## Aim of the exercise
Leaving the pictures aside, transcribe the data below exactly.

## Data under study
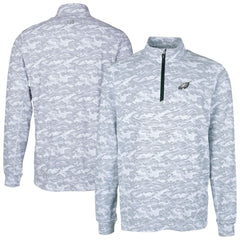 Philadelphia Eagles Cutter & Buck Big & Tall Traverse Eco Camo Tri-Blend DryTec Quarter-Zip Jacket Charcoal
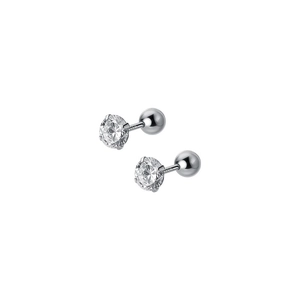 Classic S925 sterling silver screw back stud earrings with round cubic zirconia stones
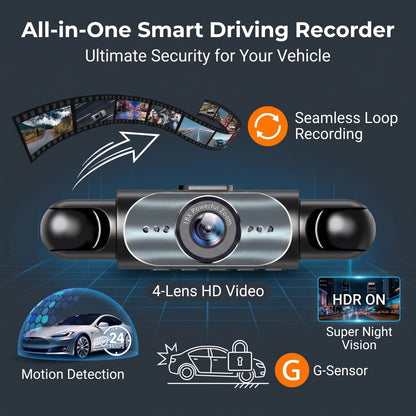 Full View Car Dashcam System - Equipped with a 64GB SD card + Free charging equipment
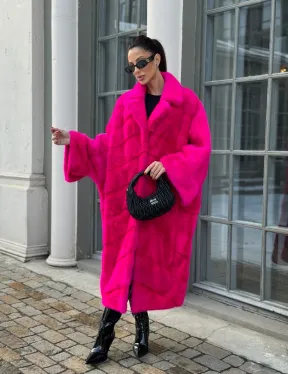 Шуба из меха норки в стиле Oversize - цвет фуксия - фото 2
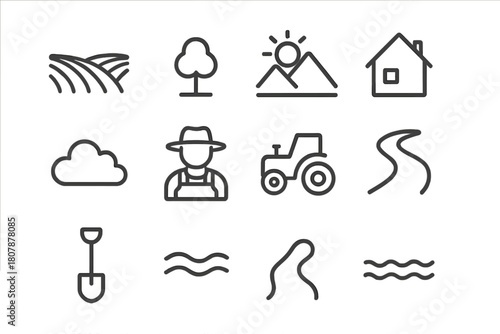 Agricultural Line Icons. Agricultural landscape. Line icon set of agricultural landscape: field, plowed rows, tree, mountain, sun, house, cloud, farmer,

## Written response
 Philadelphia Eagles Cutter & Buck Big & Tall Traverse Eco Camo Tri-Blend DryTec Quarter-Zip Jacket Charcoal
 Classic S925 sterling silver screw back stud earrings with round cubic zirconia stones
 Full View Car Dashcam System - Equipped with a 64GB SD card + Free charging equipment
 Шуба из меха норки в стиле Oversize - цвет фуксия - фото 2
 Agricultural Line Icons. Agricultural landscape. Line icon set of agricultural landscape: field, plowed rows, tree, mountain, sun, house, cloud, farmer,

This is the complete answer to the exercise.